→ Problem to work on
Copy the records that follow exactly as written, but not their pictures.

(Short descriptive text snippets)
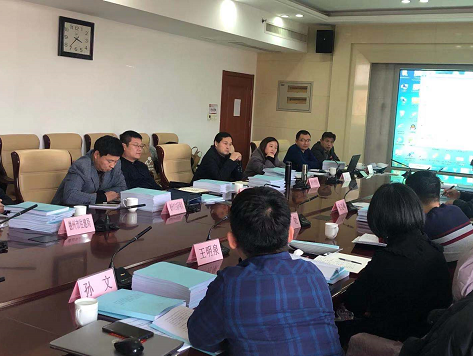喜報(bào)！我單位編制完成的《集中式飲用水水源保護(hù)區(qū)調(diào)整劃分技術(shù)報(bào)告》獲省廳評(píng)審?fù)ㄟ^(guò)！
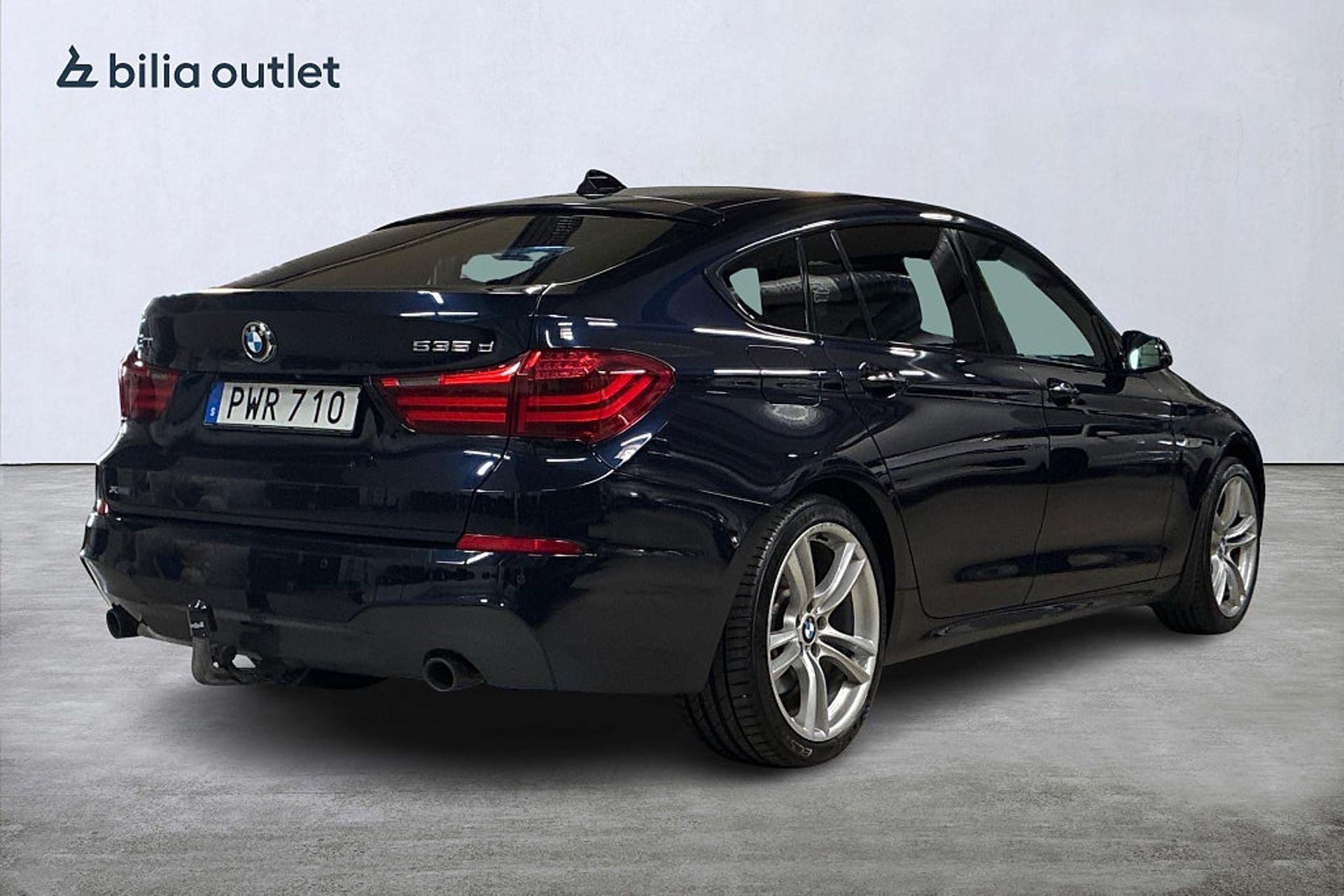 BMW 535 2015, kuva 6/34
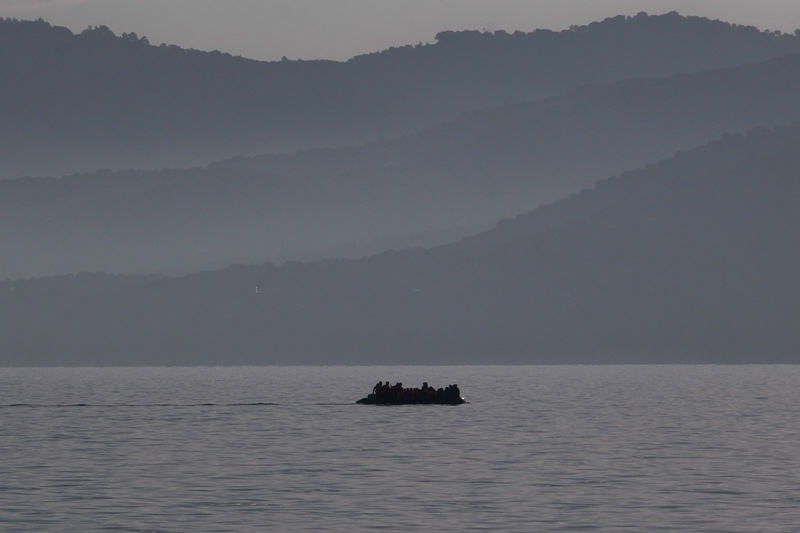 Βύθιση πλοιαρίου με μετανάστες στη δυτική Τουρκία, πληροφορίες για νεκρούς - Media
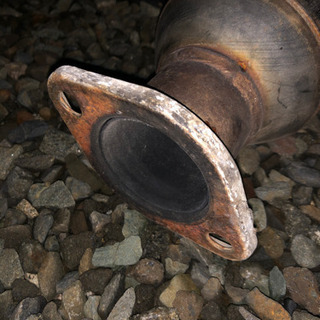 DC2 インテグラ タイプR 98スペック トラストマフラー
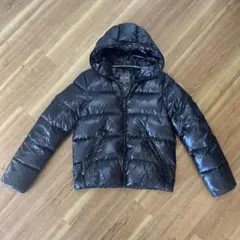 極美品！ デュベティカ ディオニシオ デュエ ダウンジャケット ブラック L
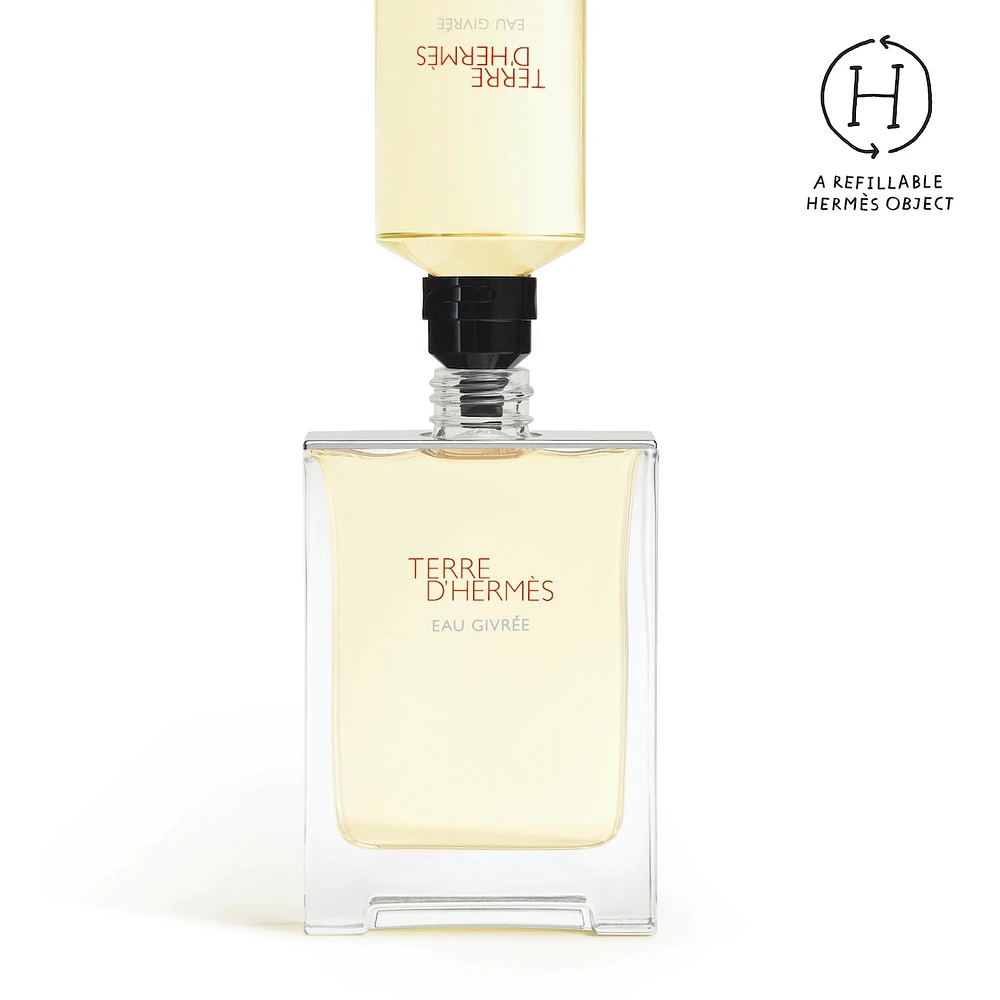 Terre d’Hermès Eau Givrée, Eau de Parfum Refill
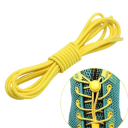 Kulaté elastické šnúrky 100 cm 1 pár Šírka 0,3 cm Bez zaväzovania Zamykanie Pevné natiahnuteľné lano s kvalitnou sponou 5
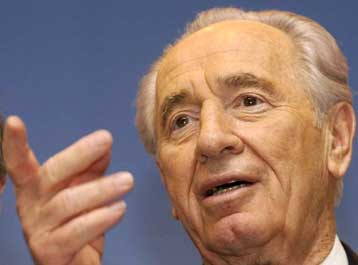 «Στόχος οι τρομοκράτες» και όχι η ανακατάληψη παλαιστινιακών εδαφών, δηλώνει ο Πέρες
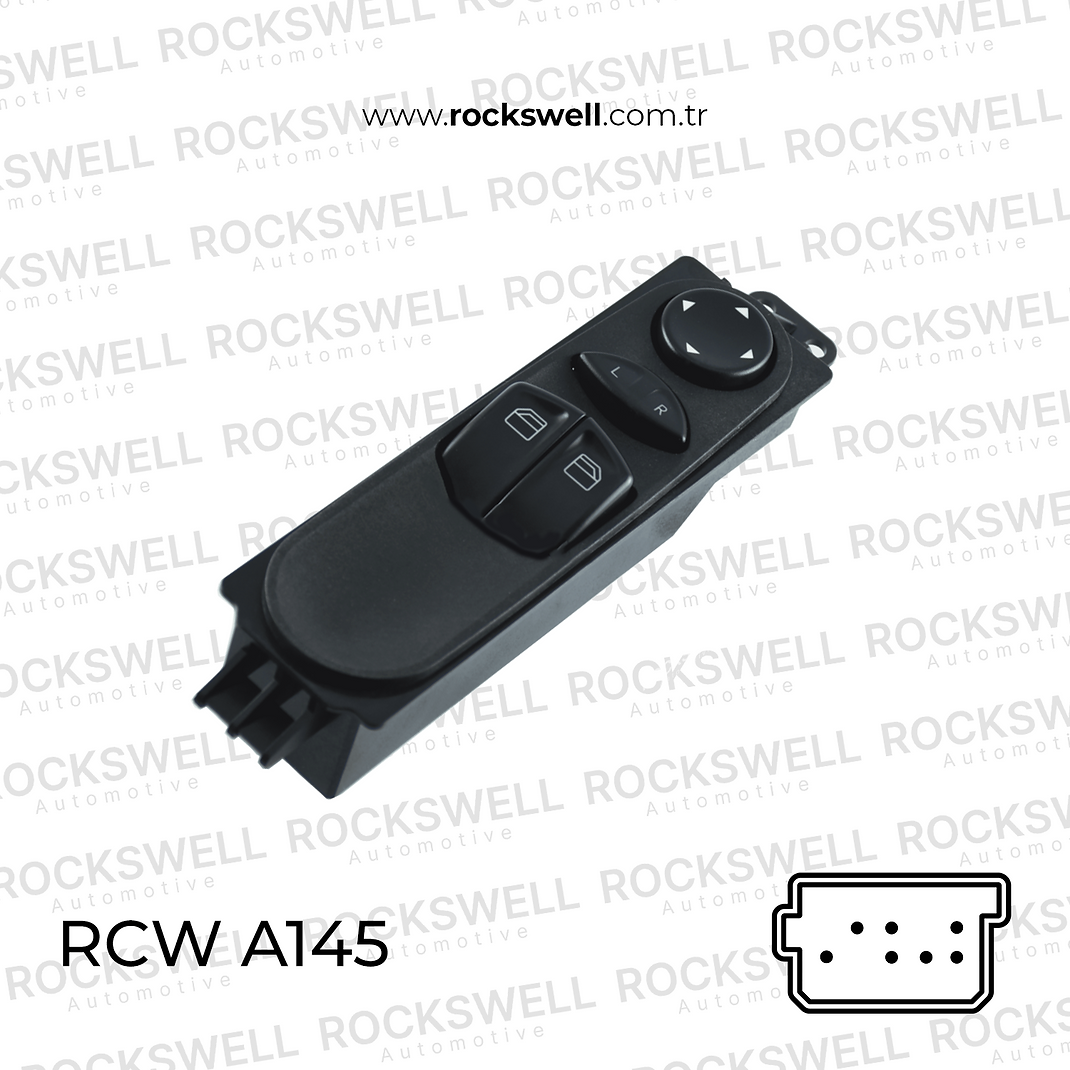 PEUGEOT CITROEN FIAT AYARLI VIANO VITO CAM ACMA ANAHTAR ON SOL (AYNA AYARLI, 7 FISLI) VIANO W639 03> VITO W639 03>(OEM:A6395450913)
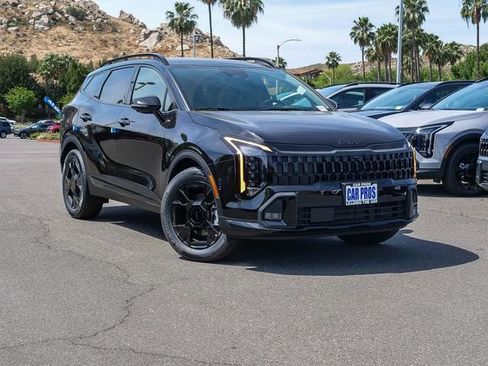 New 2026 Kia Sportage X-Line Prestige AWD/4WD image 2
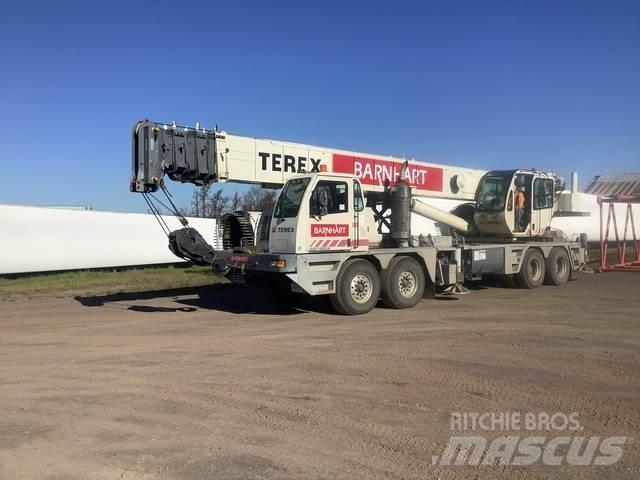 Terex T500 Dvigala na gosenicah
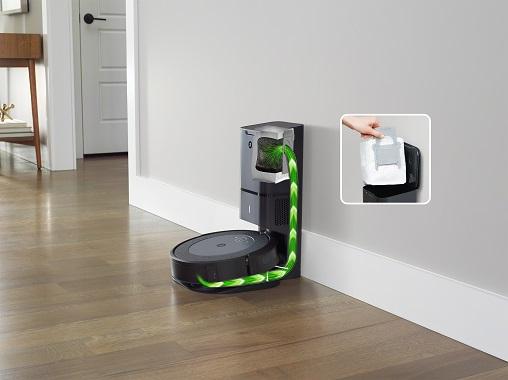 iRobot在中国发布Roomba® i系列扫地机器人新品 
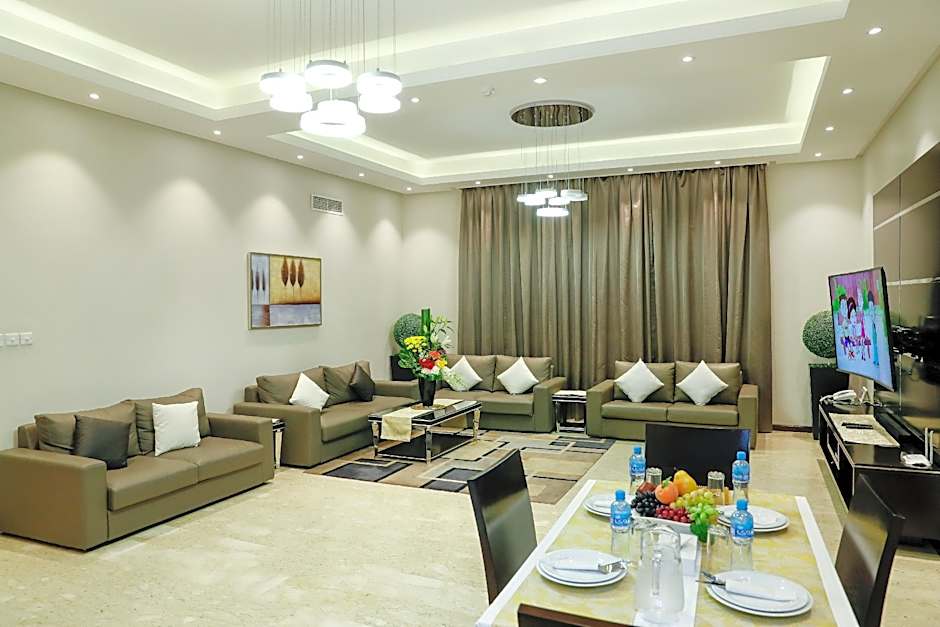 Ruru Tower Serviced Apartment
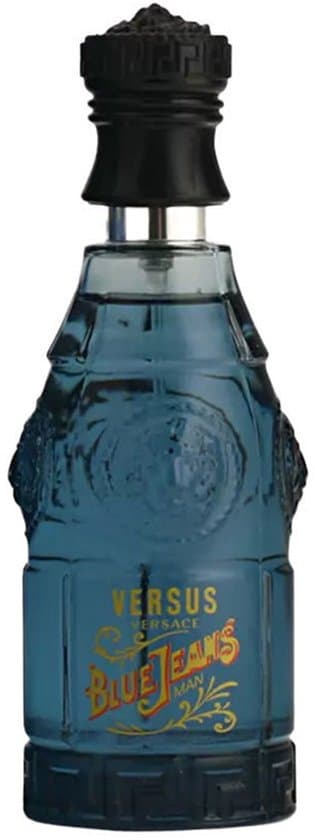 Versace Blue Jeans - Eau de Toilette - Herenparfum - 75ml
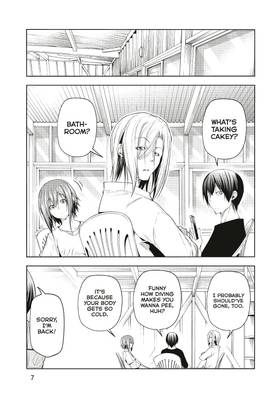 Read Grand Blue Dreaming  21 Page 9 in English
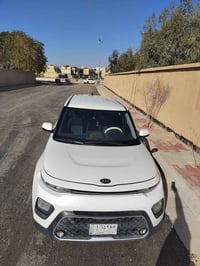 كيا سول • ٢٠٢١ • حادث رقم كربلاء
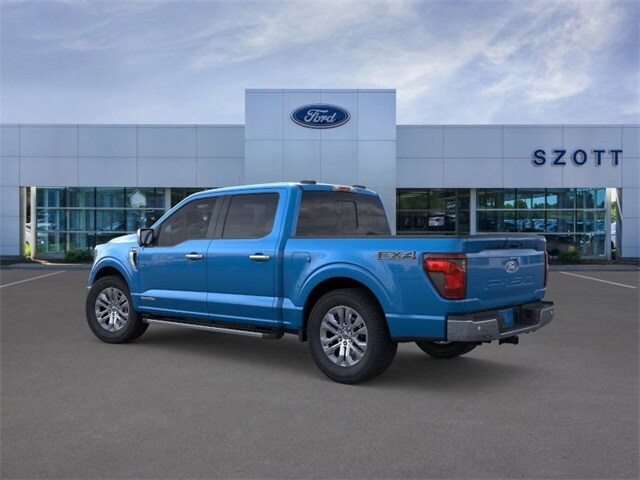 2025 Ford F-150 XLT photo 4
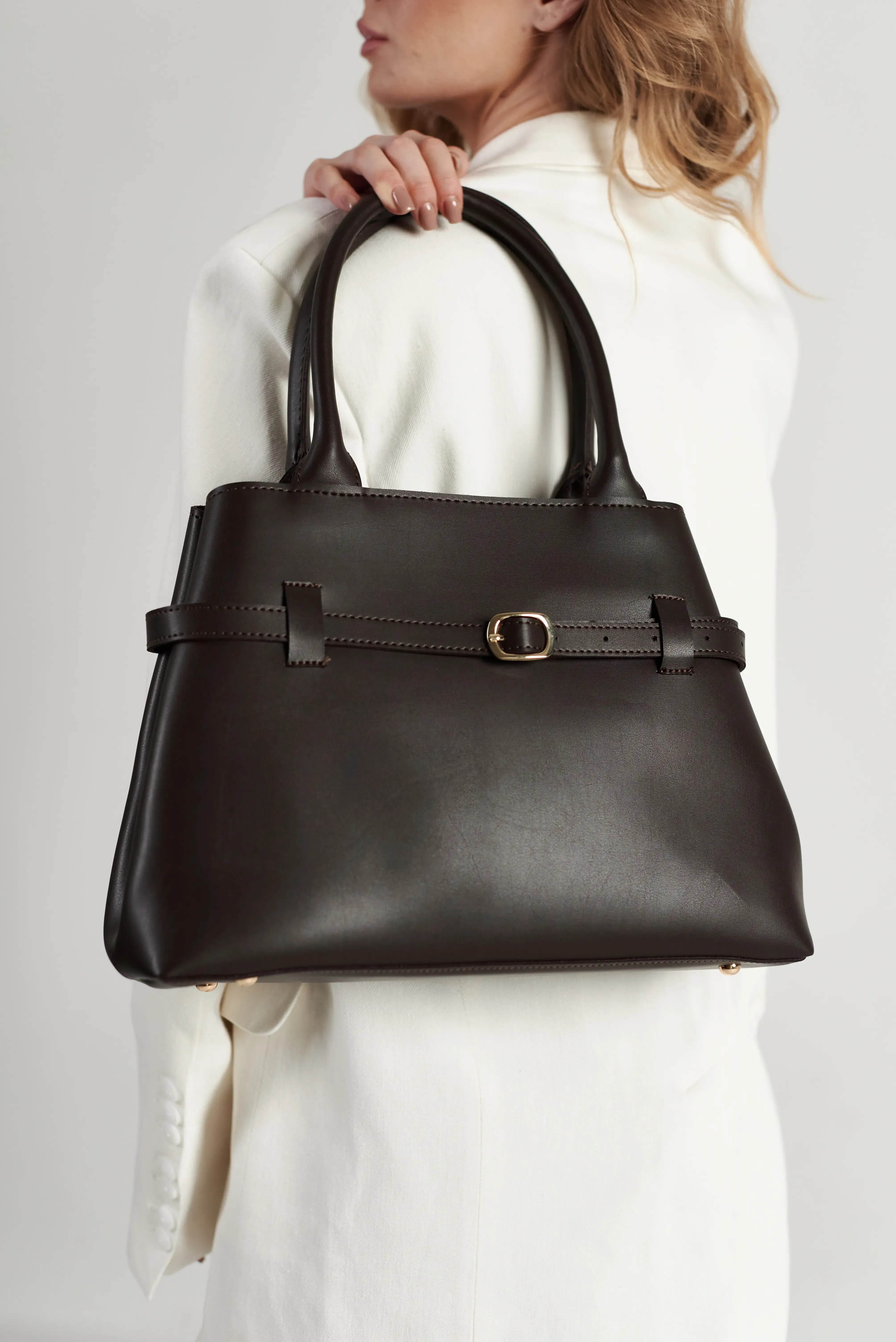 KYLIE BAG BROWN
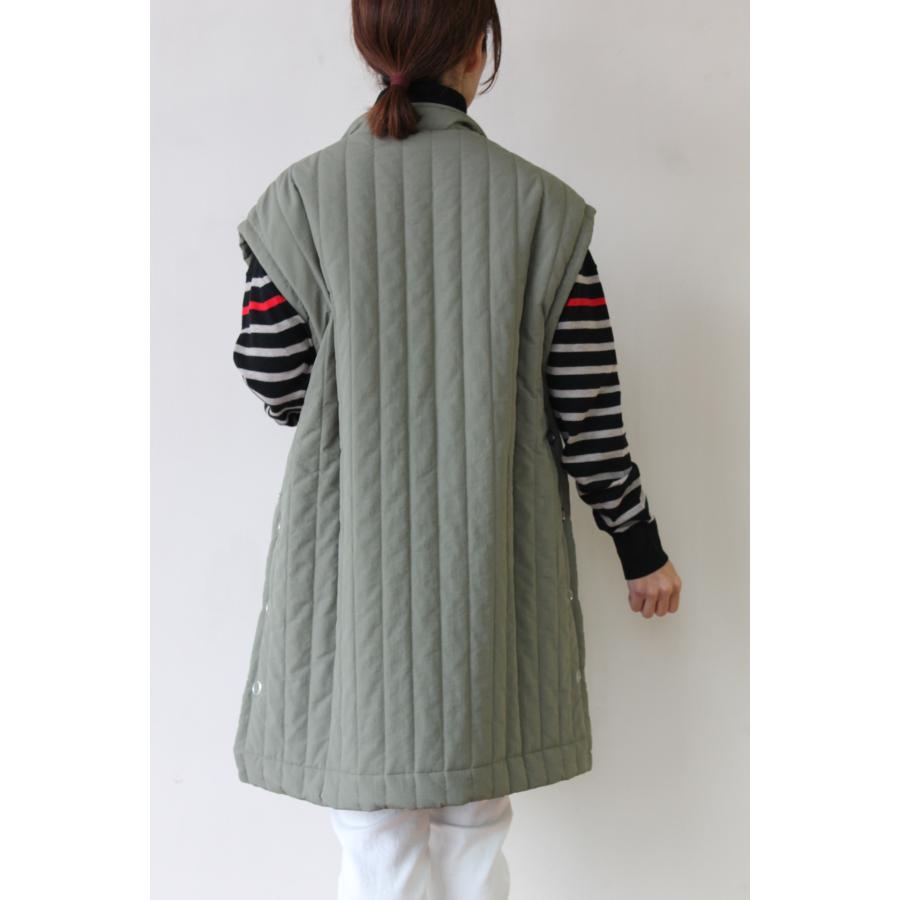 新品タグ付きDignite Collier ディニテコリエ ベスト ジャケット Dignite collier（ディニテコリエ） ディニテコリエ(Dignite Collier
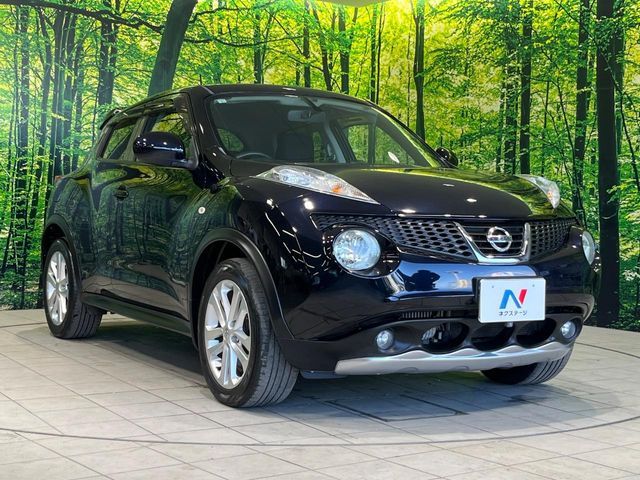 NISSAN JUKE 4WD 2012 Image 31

→ Answer to this task
喜報(bào)！我單位編制完成的《集中式飲用水水源保護(hù)區(qū)調(diào)整劃分技術(shù)報(bào)告》獲省廳評(píng)審?fù)ㄟ^(guò)！
 BMW 535 2015, kuva 6/34
 Βύθιση πλοιαρίου με μετανάστες στη δυτική Τουρκία, πληροφορίες για νεκρούς - Media
 DC2 インテグラ タイプR 98スペック トラストマフラー
 極美品！ デュベティカ ディオニシオ デュエ ダウンジャケット ブラック L
 Terre d’Hermès Eau Givrée, Eau de Parfum Refill
 Kulaté elastické šnúrky 100 cm 1 pár Šírka 0,3 cm Bez zaväzovania Zamykanie Pevné natiahnuteľné lano s kvalitnou sponou 5
 «Στόχος οι τρομοκράτες» και όχι η ανακατάληψη παλαιστινιακών εδαφών, δηλώνει ο Πέρες
 PEUGEOT CITROEN FIAT AYARLI VIANO VITO CAM ACMA ANAHTAR ON SOL (AYNA AYARLI, 7 FISLI) VIANO W639 03> VITO W639 03>(OEM:A6395450913)
 New 2026 Kia Sportage X-Line Prestige AWD/4WD image 2
 Terex T500 Dvigala na gosenicah
 iRobot在中国发布Roomba® i系列扫地机器人新品 
 Ruru Tower Serviced Apartment
 Versace Blue Jeans - Eau de Toilette - Herenparfum - 75ml
 Read Grand Blue Dreaming  21 Page 9 in English
 كيا سول • ٢٠٢١ • حادث رقم كربلاء
 2025 Ford F-150 XLT photo 4
 KYLIE BAG BROWN
 新品タグ付きDignite Collier ディニテコリエ ベスト ジャケット Dignite collier（ディニテコリエ） ディニテコリエ(Dignite Collier
 NISSAN JUKE 4WD 2012 Image 31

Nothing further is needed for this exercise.